Here are some threads I check out before post this entry (they did not provided me a solution):

https://social.technet.microsoft.com/Forums/lync/en-US/0d809ea0-a85f-485a-bdc5-b40c59059be8/enabled-users-are-not-seen-in-the-rtc-database?forum=lyncdeploy 

https://social.technet.microsoft.com/Forums/en-US/046fea69-e9dc-4c4c-ab3e-f7a2f7f8161e/user-not-found-in-this-database?forum=lyncprofile

Edit - extra info

All the services are running normally. My Lync 2010 is standard Edition. The AD certificate service is disabled.

• Edited by verovan 16 hours 24 minutes ago

Hi,

Start from the begining, you have only renewd the certificate throug the deployment wizzard?

All services are up and running?

You use standard or enterprise server?

No errors on the application log on the eventlog?

You now, that you can't change users which are belongs to security groups like doamin admin etc. through the control p

Thanks for the reply. Here the answers to your questions:

1. Yes, I used the wizard to renew the cert.
2. All the services are running.
3. I use standard edition
4. Yes, because there are errors in the log I used the dbanalyze tool and some commands like Get-CsUserReplicatorConfiguration. The error has the eventID 30011. 

Thanks.

The event id 30011 could happened, if you have sub-domains which are not prepared for Lync.

Check your replication with Get-CsManagementStoreReplicationStatus, should be true

You can setup the permissions with grant-csoupermissions to the required OU

But maybe you have to check your certificates. Renew of the certificate will not remove any permissions.

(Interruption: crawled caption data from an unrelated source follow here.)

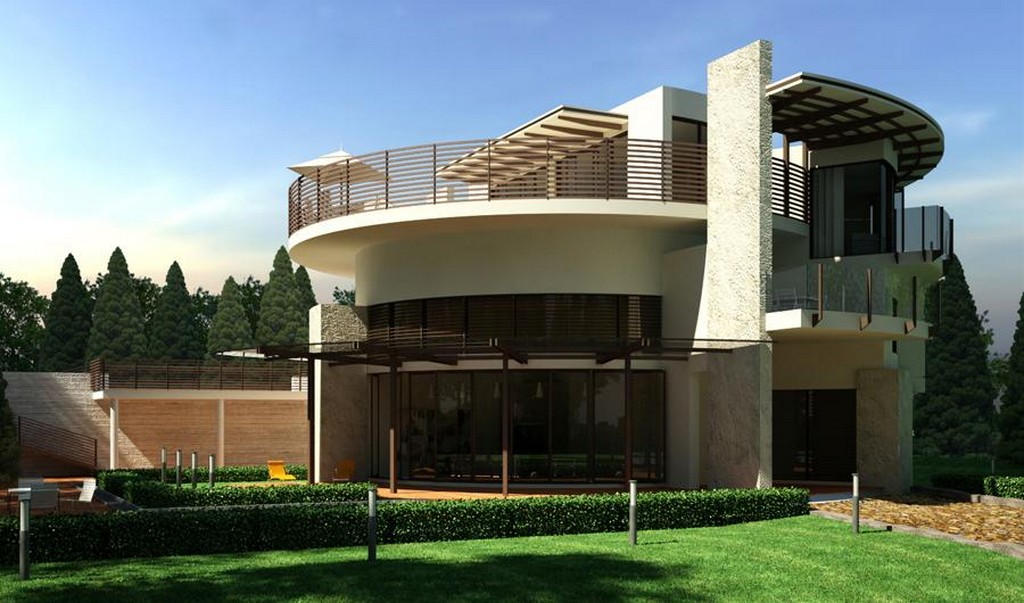 new home designs latest western homes front designs new home designs latest western homes front designs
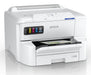 EAN 8715946732718 - Epson WorkForce Pro EP-C7000DW impresora de inyección de tinta Color 4800 x 1200 DPI A3+ Wifi imagen 15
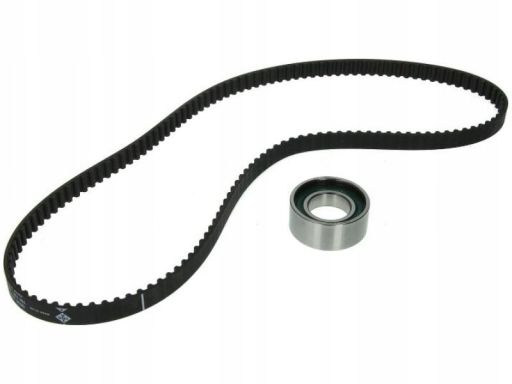 Zestaw Paska Rozrządu 530 0203 10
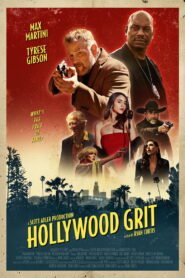 Hollywood Grit 2025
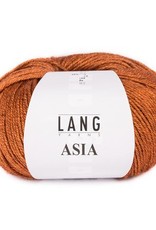 Lang Asia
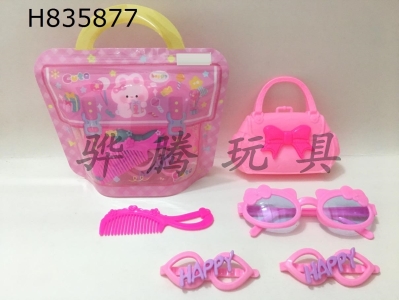 H835877 - ��Ʒ��װ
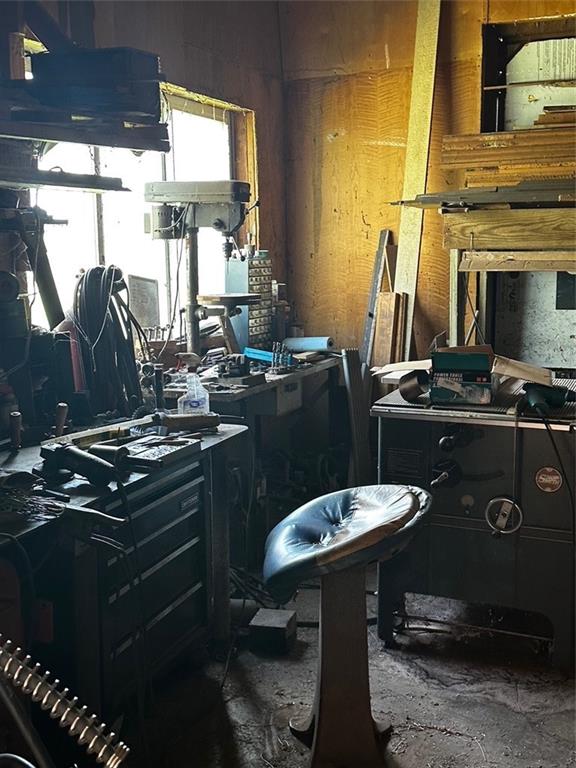 3277 4300th Road Independence, KS 67301 - Photo 37 of 51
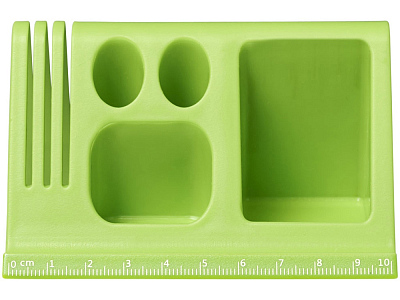 Многофункциональный настольный набор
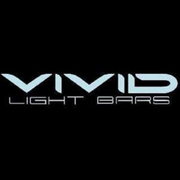 vividlightbars.com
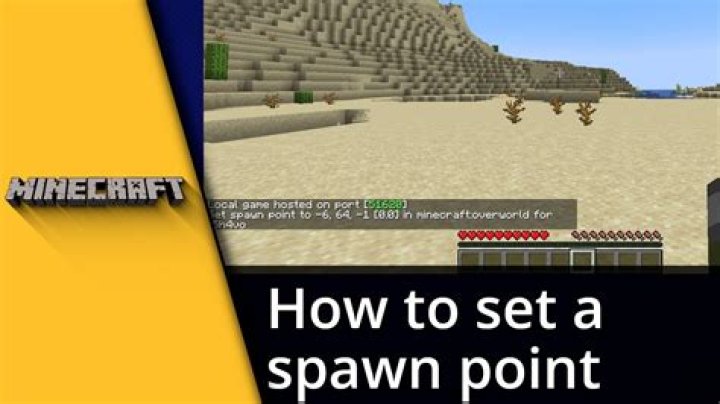 How do you reset your spawnpoint back to your bed after doing a stupid thing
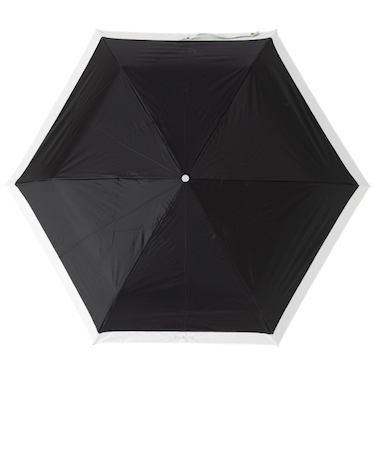 【当該商品送料無料】折りたたみ傘 レディース 晴雨兼用 50cm 通販 折り畳み傘 晴雨兼用傘 雨傘 日傘 ミニ傘 傘 50センチ かさ カサ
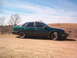 1991 Ford Taurus - 91 plus. Purchased for $1000. Needs paint and suspension. Mocha interior was swapped for a black interior prior to movi…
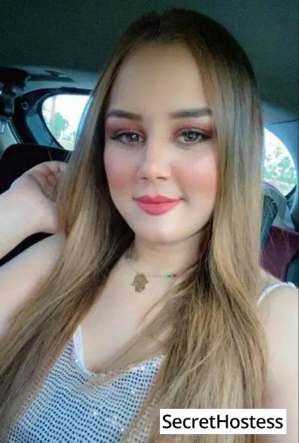 22Yrs Old Escort 55KG 164CM Tall Istanbul Image - 3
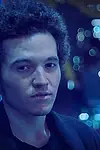 Актёр Taylor Petracek — превью фото персоны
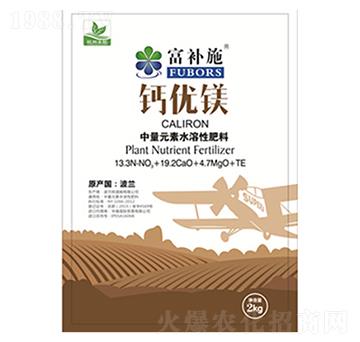 ����Ԫ��ˮ�ܷ�-�}��(y��u)�V-����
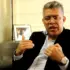 Venezuelan politician, sociologist and former VP Elías Jaua. File photo.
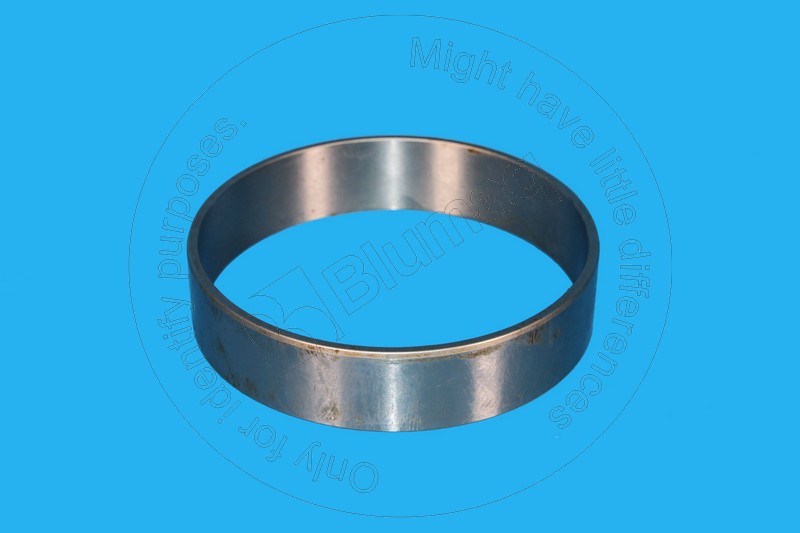 6127-31-1291 Bushing for BLUMAQ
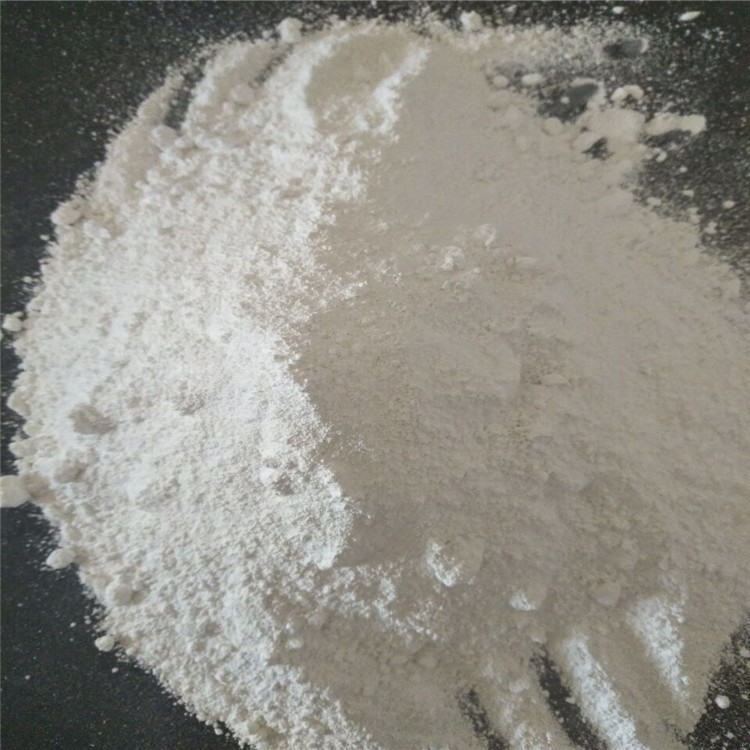 厂家供应850度煅烧偏高岭土 涂料防水堵漏剂用水泥增强偏高岭土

My replication status is true.

I can't setup permissions using that command, i get this error: 

PS C:\Users\Administrator.domain> Grant-CsOuPermission -ObjectType User -OU "
ou=LyncAdmin,dc=domain,dc=co,dc=uk"
WARNING: Grant-CsOuPermission failed.
WARNING: Detailed results can be found at
"C:\Users\Administrator.domain\AppData\Local\Temp\2\Grant-CsOuPermission-143
bb054-1240-4810-9c65-55f57f953018.html".
Grant-CsOUPermission : Command execution failed: The security descriptor is nul
l. You might not have permissions to read the security descriptor.
At line:1 char:21
+ Grant-CsOuPermission <<<<  -ObjectType User -OU "ou=LyncAdmin,dc=domain,dc
=co,dc=uk"
    + CategoryInfo          : InvalidOperation: (:) [Grant-CsOUPermission], Ac
   tiveDirectoryException
    + FullyQualifiedErrorId : ProcessingFailed,Microsoft.Rtc.Management.Deploy
   ment.GrantOuPermissionsCmdlet

It looks like, that your accound has not the correct permissions. To which security groups do you belong?

Should be RTCUniversalServeradmin and Domain Admin to run this command.

Yes, it belons to the RTCUniversalServerAdmin and it is the domain admin. 

It is really strange, I dont know what else to check.